[Recorded data]
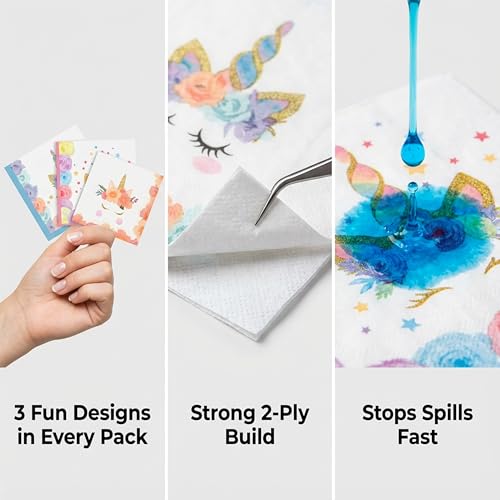 Unicorn Napkins 60 Pack - Pastel Pink, Purple, Blue Designs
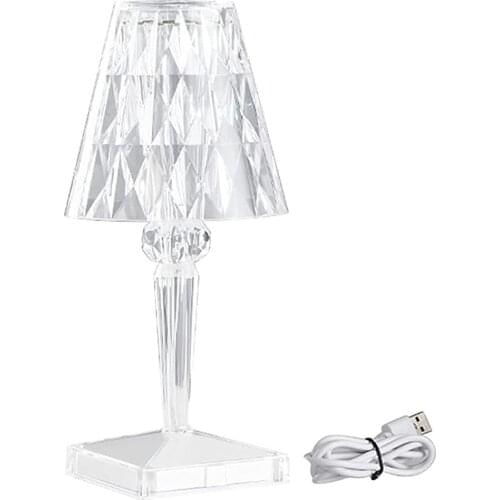 Diamond Table Lamp USB Rechargeable Acrylic Decoration Desk Lamps Bedroom Bedside Crystal Lighting Lamp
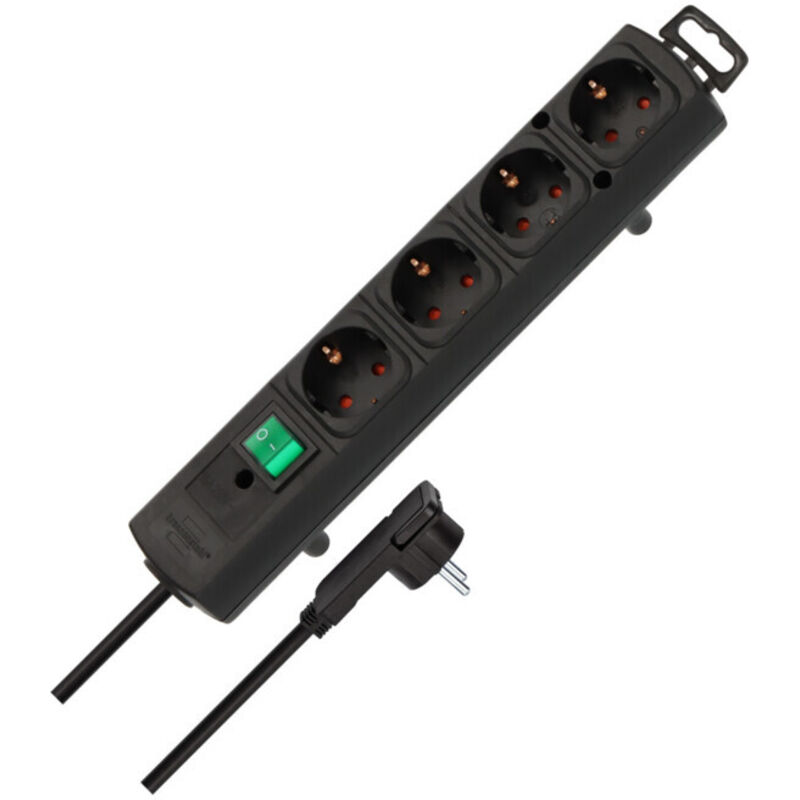 Multiprise avec schalter noir flachprise mâle 1153100100 - Brennenstuhl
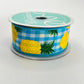 Pineapple Ribbon: 1.5" Blue Gingham Wired Ribbon, Summer Wreath Supplies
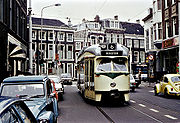 HTM PCC op lijn 6 in de jaren 1970 vlak na de draai vanaf de Herengracht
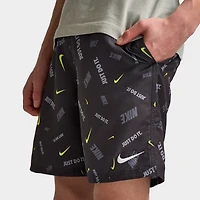 Nike Junior Boys' All Over Print Swim Shorts  Black / Wolt
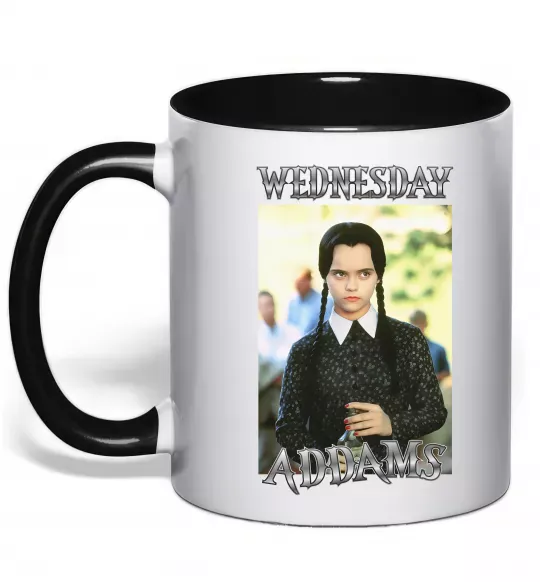 Чашка с цветной ручкой Wednesday Addams retro Черный фото
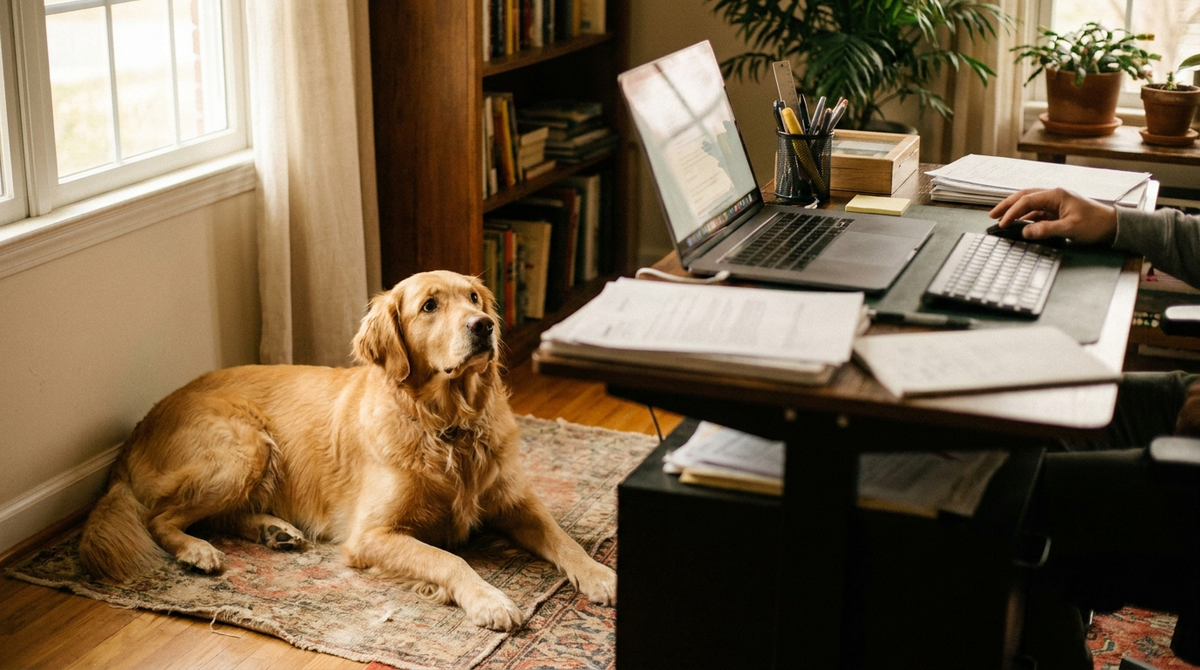 How Do Dogs Handle the Shift Between Focused Work Hours and Sudden Availability?
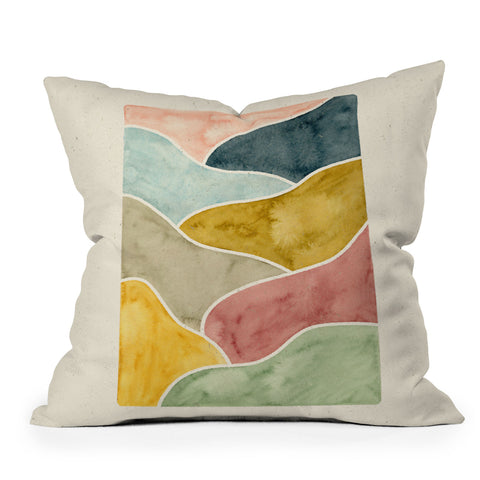 Pauline Stanley Watercolor Abstract Landscape Outdoor Throw Pillow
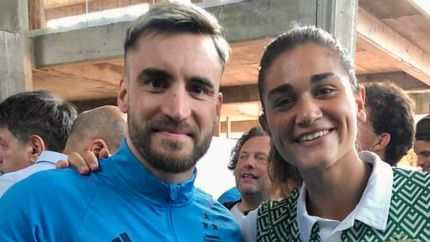 Valentina Bosio, junto a Nicolás Tagliafico.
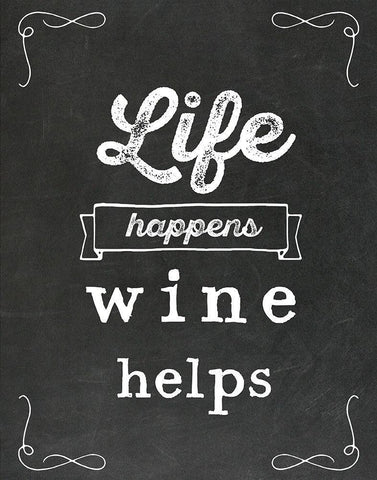 Wine Helps White Modern Wood Framed Art Print with Double Matting by Murray, Amanda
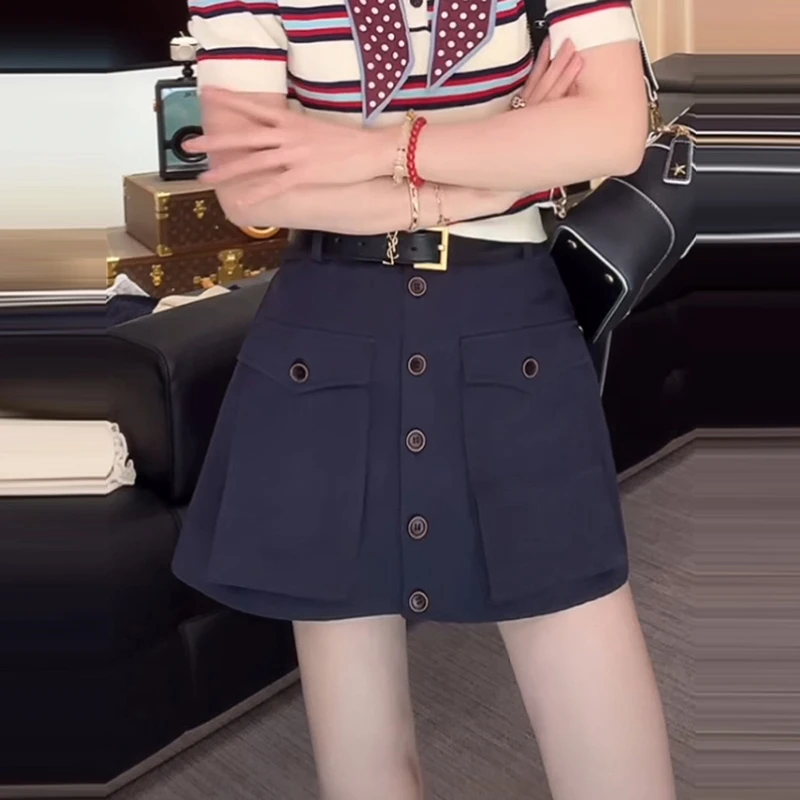 韩系减龄时尚女装夏季新款设计感小众a字短裙高腰显瘦时髦半身裙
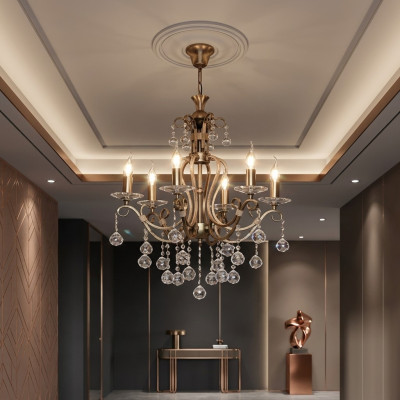 Luxus Deckenleuchter Lüster Kronleuchter Deckenlampe Gold Kristall Art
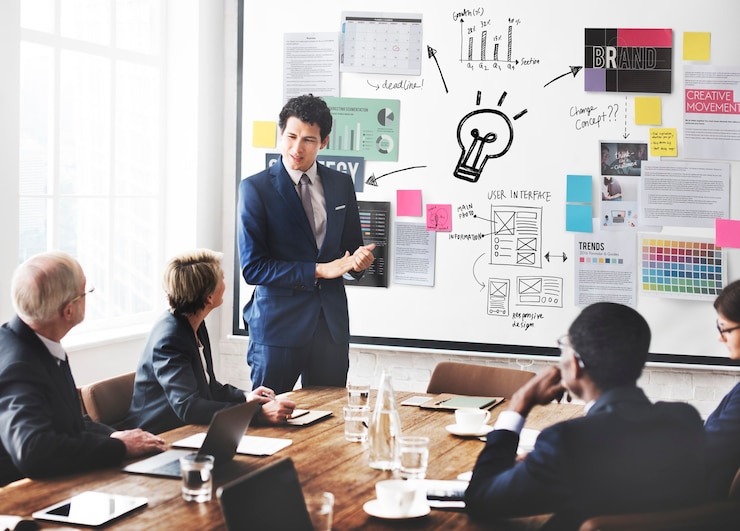 Foto gratuito pianificare la strategia di pianificazione bysiness ideas concept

WORK TO BE COMPLETED - Write out the entries word for word. Skip the pictures.

OUTPUT BELOW -
 Unicorn Napkins 60 Pack - Pastel Pink, Purple, Blue Designs
 Diamond Table Lamp USB Rechargeable Acrylic Decoration Desk Lamps Bedroom Bedside Crystal Lighting Lamp
 Multiprise avec schalter noir flachprise mâle 1153100100 - Brennenstuhl
 Pineapple Ribbon: 1.5" Blue Gingham Wired Ribbon, Summer Wreath Supplies
 HTM PCC op lijn 6 in de jaren 1970 vlak na de draai vanaf de Herengracht
 Nike Junior Boys' All Over Print Swim Shorts  Black / Wolt
 Чашка с цветной ручкой Wednesday Addams retro Черный фото
 How Do Dogs Handle the Shift Between Focused Work Hours and Sudden Availability?
 Pauline Stanley Watercolor Abstract Landscape Outdoor Throw Pillow
 Valentina Bosio, junto a Nicolás Tagliafico.
 Wine Helps White Modern Wood Framed Art Print with Double Matting by Murray, Amanda
 韩系减龄时尚女装夏季新款设计感小众a字短裙高腰显瘦时髦半身裙
 Luxus Deckenleuchter Lüster Kronleuchter Deckenlampe Gold Kristall Art
 Foto gratuito pianificare la strategia di pianificazione bysiness ideas concept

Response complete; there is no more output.